U.S. CONST. art. III § 1, 2. As previously established, Congress had the power, under the Commerce Clause, to enact 18 U.S.C. § 2113. Because the Court finds that Congress did not invade powers exclusively reserved to the states by the Constitution when it enacted 18 U.S.C. § 2113, Congress can properly grant jurisdiction to the federal courts to adjudicate cases "arising under" this law of the United States. Therefore, Petitioner's contention that the District Court lacked jurisdiction over his case is wholly without merit. Petr. Resp 7-10.
D. Double Jeopardy
The Double Jeopardy clause of the Fifth Amendment provides "nor shall any person be subject for the same offense to be twice put in jeopardy of life or limb." U.S. CONST. amend. V. The Double Jeopardy clause "affords a defendant three basic protections: [It] protects against a second prosecution for the same offense after acquittal. It protects against a second prosecution for the same offense after conviction. And it protects against multiple punishments for the same offense." United States v. Console, 13 F.3d 641, 663 (3d Cir. 1993) (quoting Ohio v. Johnson, 467 U.S. 493, 498 (1984)).

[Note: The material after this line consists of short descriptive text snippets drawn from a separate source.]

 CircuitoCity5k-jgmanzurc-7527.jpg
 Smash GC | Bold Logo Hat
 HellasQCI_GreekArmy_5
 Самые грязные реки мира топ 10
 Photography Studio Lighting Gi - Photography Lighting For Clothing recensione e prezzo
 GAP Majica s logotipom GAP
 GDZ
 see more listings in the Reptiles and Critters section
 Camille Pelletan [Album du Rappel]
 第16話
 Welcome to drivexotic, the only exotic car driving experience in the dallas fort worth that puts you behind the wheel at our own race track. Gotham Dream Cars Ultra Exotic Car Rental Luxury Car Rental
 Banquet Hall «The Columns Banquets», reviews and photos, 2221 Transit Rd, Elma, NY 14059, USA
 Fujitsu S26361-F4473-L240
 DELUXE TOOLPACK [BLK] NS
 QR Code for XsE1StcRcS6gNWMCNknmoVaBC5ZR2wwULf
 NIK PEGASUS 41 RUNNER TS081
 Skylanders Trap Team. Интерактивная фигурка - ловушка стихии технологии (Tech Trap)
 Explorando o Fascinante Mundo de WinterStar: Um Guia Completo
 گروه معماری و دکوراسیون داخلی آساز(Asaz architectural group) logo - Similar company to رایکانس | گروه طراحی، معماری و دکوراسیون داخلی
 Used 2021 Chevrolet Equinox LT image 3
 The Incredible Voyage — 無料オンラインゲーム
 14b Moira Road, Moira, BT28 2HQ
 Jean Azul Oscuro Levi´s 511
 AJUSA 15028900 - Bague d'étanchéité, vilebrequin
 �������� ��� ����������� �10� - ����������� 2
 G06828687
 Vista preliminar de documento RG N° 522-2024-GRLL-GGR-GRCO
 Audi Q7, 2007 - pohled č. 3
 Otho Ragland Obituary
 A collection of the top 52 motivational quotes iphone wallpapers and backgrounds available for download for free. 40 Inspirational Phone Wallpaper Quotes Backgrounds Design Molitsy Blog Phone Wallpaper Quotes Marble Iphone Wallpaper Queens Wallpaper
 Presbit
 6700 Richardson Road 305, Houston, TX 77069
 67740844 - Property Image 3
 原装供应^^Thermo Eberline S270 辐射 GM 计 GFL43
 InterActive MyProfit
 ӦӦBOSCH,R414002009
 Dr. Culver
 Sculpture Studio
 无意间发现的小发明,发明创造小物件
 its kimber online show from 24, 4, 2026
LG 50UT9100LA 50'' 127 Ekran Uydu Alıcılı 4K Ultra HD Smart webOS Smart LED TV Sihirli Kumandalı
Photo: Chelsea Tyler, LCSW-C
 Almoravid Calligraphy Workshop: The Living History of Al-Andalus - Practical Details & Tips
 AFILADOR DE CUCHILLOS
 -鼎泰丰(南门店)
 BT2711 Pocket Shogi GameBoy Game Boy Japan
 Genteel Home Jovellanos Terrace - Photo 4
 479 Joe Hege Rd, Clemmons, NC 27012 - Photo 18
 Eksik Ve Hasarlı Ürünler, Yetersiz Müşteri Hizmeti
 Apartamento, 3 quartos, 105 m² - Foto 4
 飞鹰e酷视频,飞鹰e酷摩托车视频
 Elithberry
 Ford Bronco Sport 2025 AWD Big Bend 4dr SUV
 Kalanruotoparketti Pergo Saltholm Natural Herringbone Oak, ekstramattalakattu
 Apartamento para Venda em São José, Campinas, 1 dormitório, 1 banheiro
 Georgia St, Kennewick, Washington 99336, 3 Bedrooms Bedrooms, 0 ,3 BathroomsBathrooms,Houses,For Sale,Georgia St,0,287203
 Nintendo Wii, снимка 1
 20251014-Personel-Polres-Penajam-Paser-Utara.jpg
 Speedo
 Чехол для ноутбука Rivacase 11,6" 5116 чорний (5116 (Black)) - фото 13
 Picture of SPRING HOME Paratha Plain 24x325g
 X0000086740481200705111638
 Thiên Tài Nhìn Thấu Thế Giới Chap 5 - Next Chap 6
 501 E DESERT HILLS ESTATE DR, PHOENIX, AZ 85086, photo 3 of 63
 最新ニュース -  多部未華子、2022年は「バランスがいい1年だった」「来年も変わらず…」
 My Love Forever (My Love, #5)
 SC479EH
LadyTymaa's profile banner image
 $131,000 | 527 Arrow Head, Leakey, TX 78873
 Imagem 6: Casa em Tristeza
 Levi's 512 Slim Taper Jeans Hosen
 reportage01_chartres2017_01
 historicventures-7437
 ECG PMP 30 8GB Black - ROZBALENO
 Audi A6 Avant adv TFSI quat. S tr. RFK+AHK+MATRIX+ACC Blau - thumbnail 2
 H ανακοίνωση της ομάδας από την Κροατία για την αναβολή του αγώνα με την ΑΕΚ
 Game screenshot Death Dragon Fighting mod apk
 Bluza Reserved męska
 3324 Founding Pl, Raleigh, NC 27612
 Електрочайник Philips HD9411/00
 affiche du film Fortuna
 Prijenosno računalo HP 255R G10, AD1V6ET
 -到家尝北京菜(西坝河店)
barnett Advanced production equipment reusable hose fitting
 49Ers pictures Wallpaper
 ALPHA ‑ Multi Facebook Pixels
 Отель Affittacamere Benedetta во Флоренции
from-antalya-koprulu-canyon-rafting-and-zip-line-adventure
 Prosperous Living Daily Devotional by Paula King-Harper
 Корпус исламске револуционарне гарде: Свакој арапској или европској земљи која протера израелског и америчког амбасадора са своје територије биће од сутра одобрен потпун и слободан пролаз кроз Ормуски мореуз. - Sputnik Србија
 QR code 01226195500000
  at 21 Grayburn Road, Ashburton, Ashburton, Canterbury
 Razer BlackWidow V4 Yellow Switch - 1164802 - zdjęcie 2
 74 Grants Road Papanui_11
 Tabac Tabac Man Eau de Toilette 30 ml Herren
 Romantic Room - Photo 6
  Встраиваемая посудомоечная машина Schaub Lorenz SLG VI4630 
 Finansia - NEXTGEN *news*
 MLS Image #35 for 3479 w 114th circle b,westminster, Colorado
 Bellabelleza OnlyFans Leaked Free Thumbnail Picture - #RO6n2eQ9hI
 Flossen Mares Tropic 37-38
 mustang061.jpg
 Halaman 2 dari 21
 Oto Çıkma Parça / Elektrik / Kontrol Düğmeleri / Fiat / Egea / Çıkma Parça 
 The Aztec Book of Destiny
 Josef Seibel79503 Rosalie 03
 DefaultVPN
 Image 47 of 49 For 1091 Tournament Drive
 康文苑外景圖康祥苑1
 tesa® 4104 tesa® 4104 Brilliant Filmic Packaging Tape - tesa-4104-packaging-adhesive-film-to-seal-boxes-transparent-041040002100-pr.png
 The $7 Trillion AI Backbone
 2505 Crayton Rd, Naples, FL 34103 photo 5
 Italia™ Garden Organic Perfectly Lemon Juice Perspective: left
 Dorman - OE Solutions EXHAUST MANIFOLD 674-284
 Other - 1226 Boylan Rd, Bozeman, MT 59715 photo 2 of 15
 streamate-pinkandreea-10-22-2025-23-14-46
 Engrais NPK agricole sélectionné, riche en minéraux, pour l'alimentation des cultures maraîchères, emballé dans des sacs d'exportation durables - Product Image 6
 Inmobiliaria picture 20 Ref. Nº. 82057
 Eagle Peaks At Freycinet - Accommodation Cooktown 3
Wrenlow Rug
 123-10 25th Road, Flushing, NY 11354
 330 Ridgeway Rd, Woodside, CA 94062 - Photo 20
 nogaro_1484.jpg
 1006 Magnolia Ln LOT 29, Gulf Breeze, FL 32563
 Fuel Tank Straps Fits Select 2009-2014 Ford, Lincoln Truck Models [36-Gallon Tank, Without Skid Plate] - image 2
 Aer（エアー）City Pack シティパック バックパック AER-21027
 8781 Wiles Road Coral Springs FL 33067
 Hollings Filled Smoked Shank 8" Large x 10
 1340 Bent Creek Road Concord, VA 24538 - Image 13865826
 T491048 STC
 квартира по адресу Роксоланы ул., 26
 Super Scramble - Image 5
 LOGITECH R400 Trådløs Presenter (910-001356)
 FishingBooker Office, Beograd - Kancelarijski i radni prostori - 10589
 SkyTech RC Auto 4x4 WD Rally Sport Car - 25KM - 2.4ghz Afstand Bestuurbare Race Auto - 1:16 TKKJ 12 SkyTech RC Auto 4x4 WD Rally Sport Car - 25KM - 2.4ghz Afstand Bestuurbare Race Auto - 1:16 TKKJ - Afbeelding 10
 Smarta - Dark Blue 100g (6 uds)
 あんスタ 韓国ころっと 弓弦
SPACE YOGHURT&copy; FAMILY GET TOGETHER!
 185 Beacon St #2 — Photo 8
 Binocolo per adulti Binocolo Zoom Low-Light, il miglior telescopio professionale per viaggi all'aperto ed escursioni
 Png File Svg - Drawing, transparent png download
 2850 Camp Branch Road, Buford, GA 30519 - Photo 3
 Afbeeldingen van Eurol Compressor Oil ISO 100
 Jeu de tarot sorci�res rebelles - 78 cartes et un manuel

Petitioner contends that his trial, based on the superseding indictment, and his guilty plea, based on the superseding information, were two separate and distinct proceedings and, therefore, violated the protections of the Double Jeopardy clause. Petr. Resp. 10-15. The record demonstrates that after the jury was sworn-in and the government presented evidence, the parties reached a plea agreement. Petitioner, fully-informed of his rights, waived his right to continue by trial and, instead, pled guilty to a superseding information. Gov. Ex. 1 and 3. Petitioner was fully aware of his constitutional right to continue by means of trial, and he did not have any obligation to plead guilty. Gov. Ex. 1, 7:12-16. The record also indicates that, after the Court accepted Petitioner's guilty plea, the jurors were dismissed. Gov. Ex. 1, 26-28. Thus, the factual determination of Petitioner's guilt was conducted through a singular proceeding.
III. Conclusion
For the reasons stated above, it is therefore the finding of the Court that Petitioner's motion to vacate, set aside, or correct his sentence under 28 U.S.C. § 2255 is time-barred. Therefore, Petitioner's § 2255 motion is denied. An appropriate order follows.